Pushrim-activated power-assisted wheelchairs (PAPAWs) are assistive technologies that provide propulsion assist to wheelchair users and enable access to various indoor and outdoor terrains. Therefore, it is beneficial to use PAPAW controllers that adapt to different terrain conditions. To achieve this objective, terrain classification techniques can be used as an integral part of the control architecture. Previously, the feasibility of using learning-based terrain classification models was investigated for offline applications. In this paper, we examine the effects of three model parameters (i.e., feature characteristics, terrain types, and the length of data segments) on offline and real-time classification accuracy.
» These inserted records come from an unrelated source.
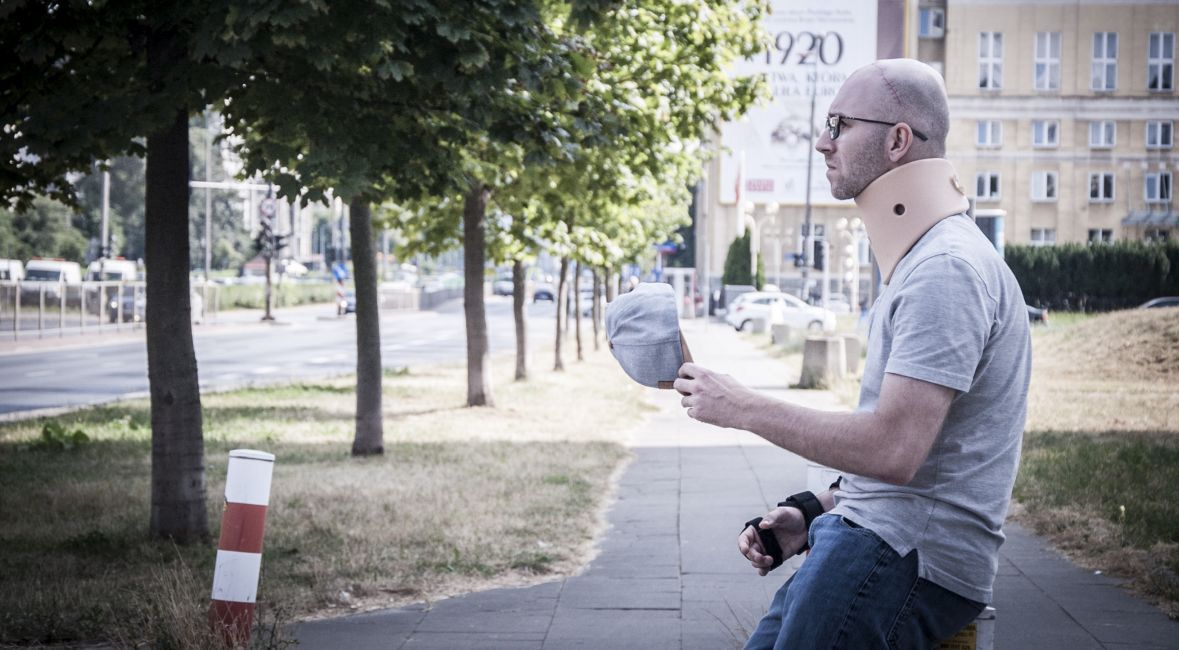 Tu nie ma ścieżki rowerowej po żadnej ze stron jezdni, a chodnik ma powyżej dwóch metrów szerokości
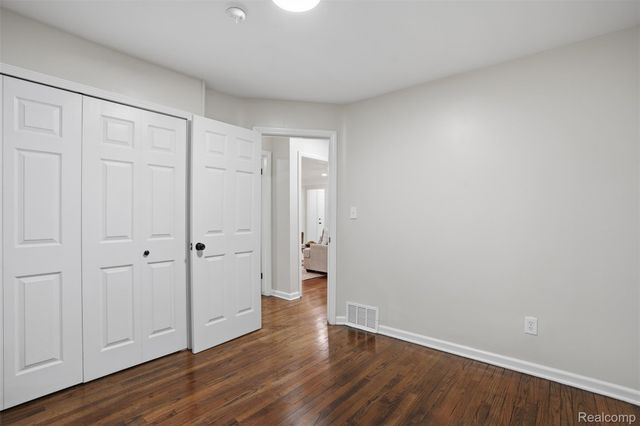 21161 Westhampton Street, Oak Park, MI 48237
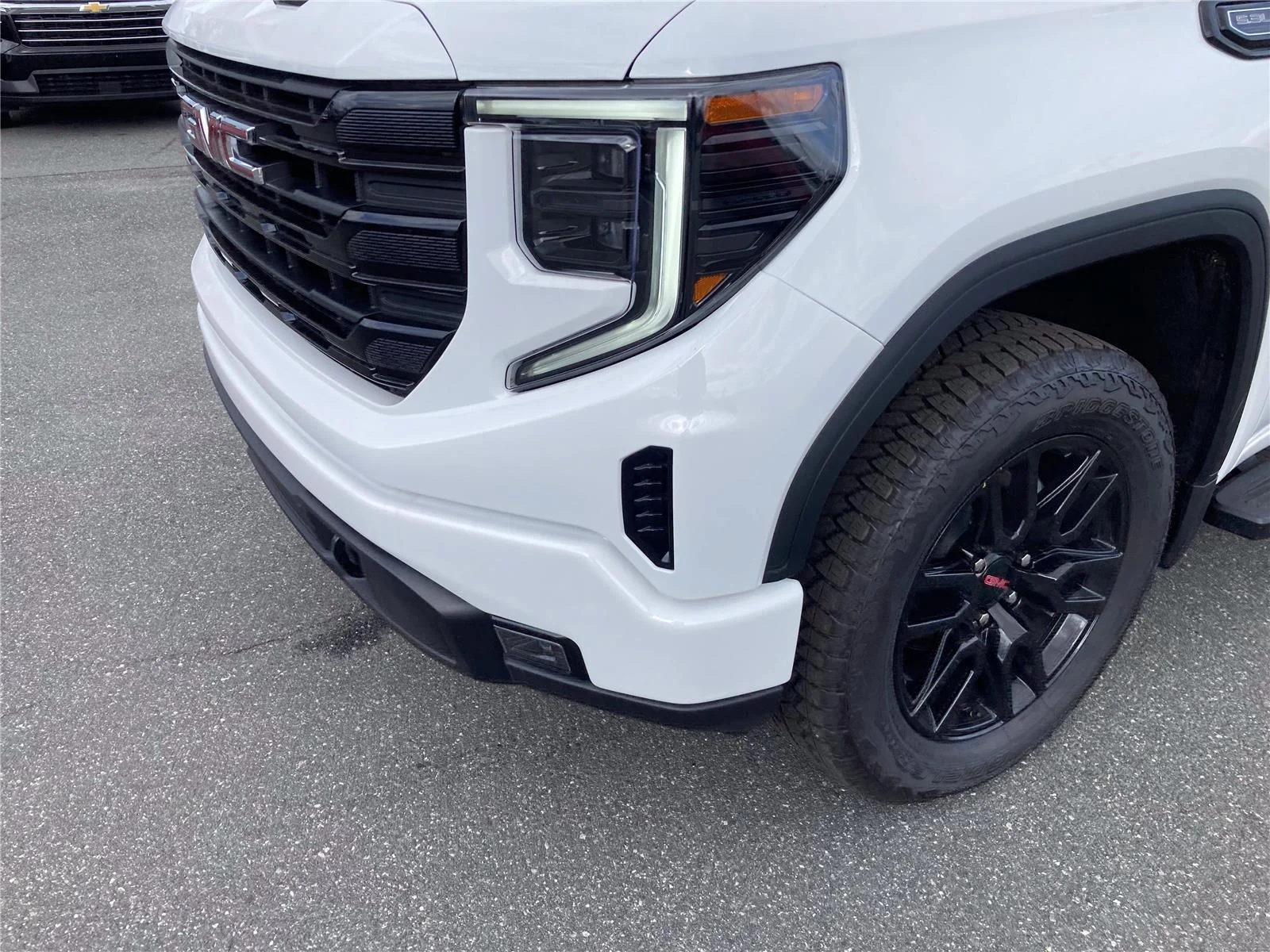 New 2026 Summit White GMC Elevation image 11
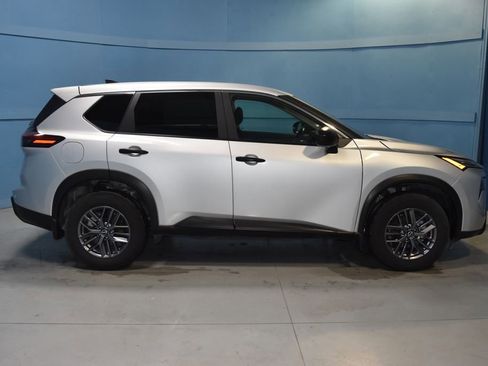 Certified 2025 Nissan Rogue S image 18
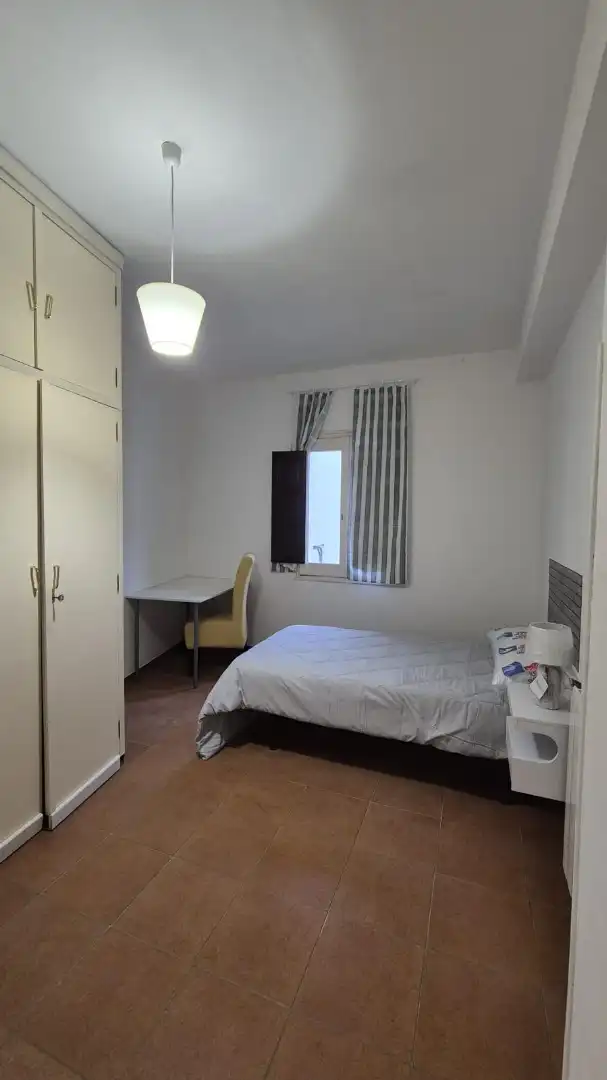 Habitación de Piso de alquiler en Úbeda con Aire acondicionado, Calefacción y Amueblado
Our findings revealed that Random Forest classifiers are computationally efficient and can be used effectively for real-time terrain classification. These classifiers have the highest performance accuracy when used with a combination of time- and frequency-domain features. Additionally, we found that increasing the number of data points used for terrain estimation improves the prediction accuracy. Finally, our results revealed that classification accuracy can be improved by considering terrains with similar characteristics under one umbrella group. These findings can contribute to the development of real-time adaptive controllers that enhance PAPAW usability on different terrains.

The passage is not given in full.